This operation will be described in more detail as follows.
In case of a suction stroke in which the piston 7 moves from a top
dead point to a bottom dead point, the refrigerant gas filled in
the second extended space S2 opens the suction valve (not shown).
Then the refrigerant gas is sucked to the compression space of the
cylinder 3 and at the same time, new refrigerant gas is flown to
the second extended space S2 through the refrigerant inlet port 11,
the first extended space S1 and the first passage pipe 15.
On the other hand, in case of a compression stroke in which the
piston 7 moves from a bottom dead point to a top dead point, the
discharge valve (reference numeral is not shown) is opened at the
same time as the suction valve (reference numeral is not shown) is
closed and the compressed gas is discharged to the discharge space
DS of the head cover 9 through the discharge valve.
At this time, repeated pulsating pressure is occurred continuously
in the suction muffler 10 and the head cover 9 in the repeating
process of suction and discharge of the refrigerant gas.
This pulsating pressure having phase difference is transmitted
through each channel of the suction muffler 10. However,
consequently the pulsating pressure greatly decreases at the inlet
port 11 and the refrigerant gas flows smoothly since the pulsating
pressure is attenuated gradually and almost removed.
Meanwhile, the noise occurred during suction of the refrigerant gas
is converted to a heat energy by diffusion and dissipation and
attenuated passing through the respective passage pipes 15 and 16,
and extended spaces S1 and S2, and at the same time, the noise
having a certain frequency is attenuated by the Helmholtz's Effect
at the Helmholtz resonance portion which comprises a resonance hole
of the second passage pipe 16 and the third extended space S3.
Accordingly, the whole noise decreases.
However, in the above conventional suction muffler, the inlet port
11 which forms a suction channel, the first passage pipe 15, and
the second passage pipe 16 are positioned in parallel to each other
and accordingly, the refrigerant gas flows in zigzags.
Therefore, by the flow of the refrigerant gas in zigzags, a smooth
flow of the refrigerant gas is interrupted and the refrigerant gas
flown from the inlet port 11, the first passage pipe 15, and the
second passage pipe 16 collides with the walls of the respective
extended spaces S1, S2 and S3. Accordingly, the speed energy of the
refrigerant gas is converted to a collision energy and thus to
cause flow loss.
Also, in another conventional suction muffler as shown in FIG. 2B,
first passage pipe 21 (inlet port in drawings) and second passage
pipe 22 form a right angle each other, or in the other conventional
suction muffler as shown in FIG. 2C, first passage pipe 31 is
positioned on a straight line with the second passage pipe 32 thus
to improve flow of refrigerant gas.
However, in the suction muffler shown in FIG. 2B, the refrigerant
gas sucked through the first passage pipe 21 is collided in an
extended space 23 and then flown to the second passage 22.
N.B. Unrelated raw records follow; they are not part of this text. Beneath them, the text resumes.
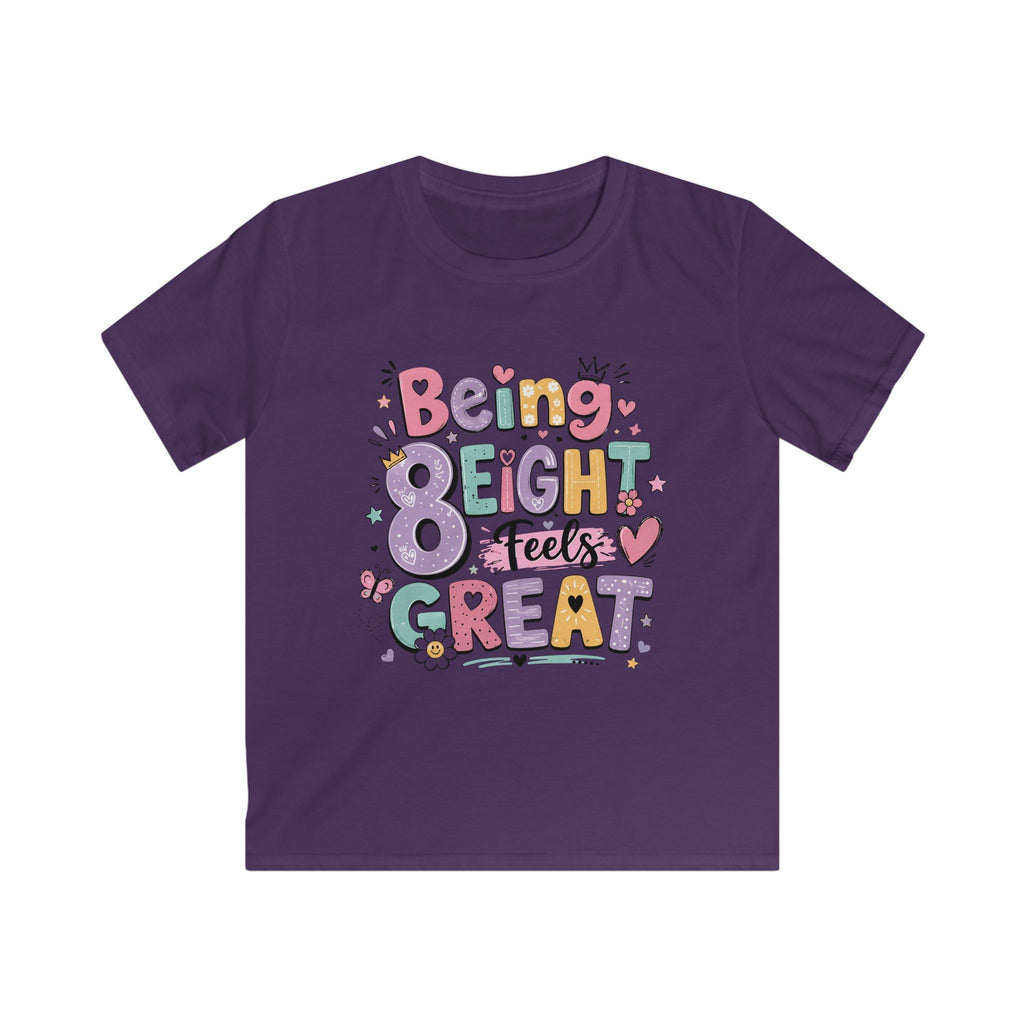 Kids "Being Eight Feels Great" Birthday T-Shirt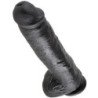 KING COCK - DILDO BLACK WITH BALLS 28 CM
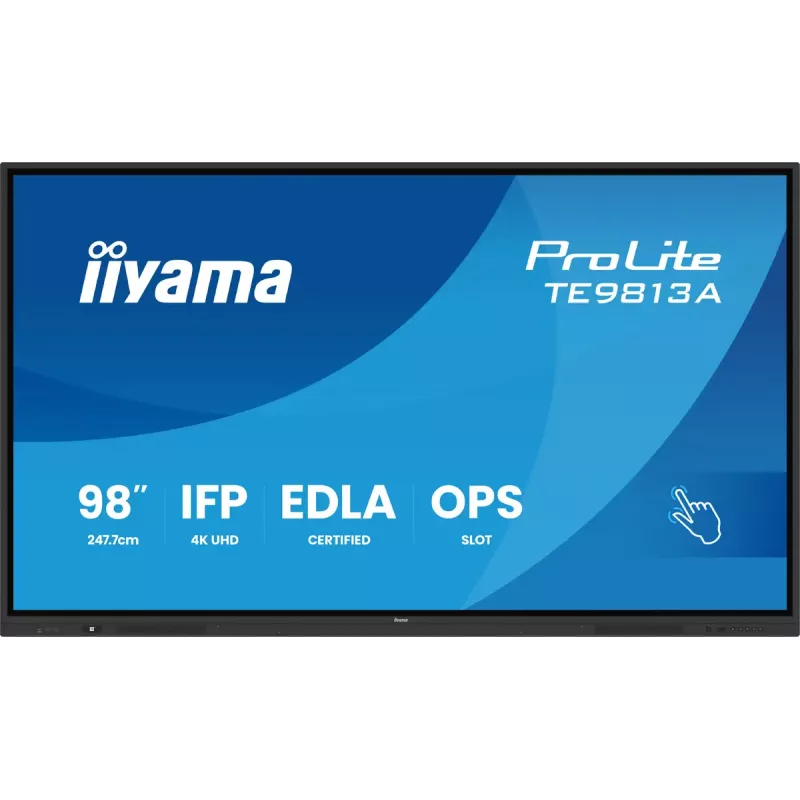 Display piatto interattivo IIYAMA TE9813A-B2AG 97,5 inch (2,48 m) 4K Ultra HD 500 cd/m² Wi-Fi Android 24/7 nero
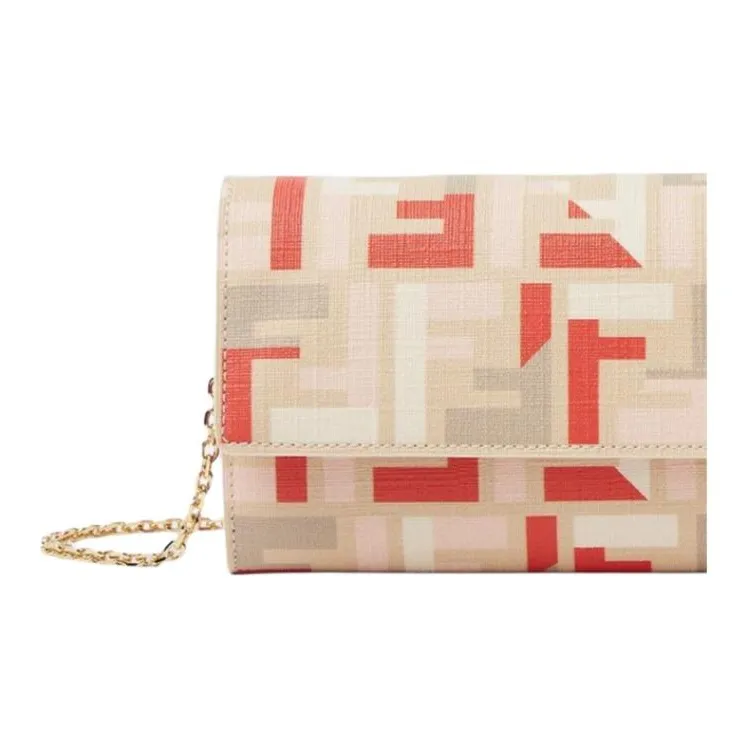 FENDI ROMA Label Clutch Women's Beige-4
Accordingly, flow loss by collision still remains.
On the other hand, in the suction muffler shown in FIG. 2C, the
pulsation flow transmitted to the first passage pipe 31 in the
operation of the compressor collides with the refrigerant gas
sucked through the second passage pipe 32 and interrupts the flow
of the refrigerant gas. Therefore, due to the decrease in amount of
the sucked gas, efficiency of the compressor decreases.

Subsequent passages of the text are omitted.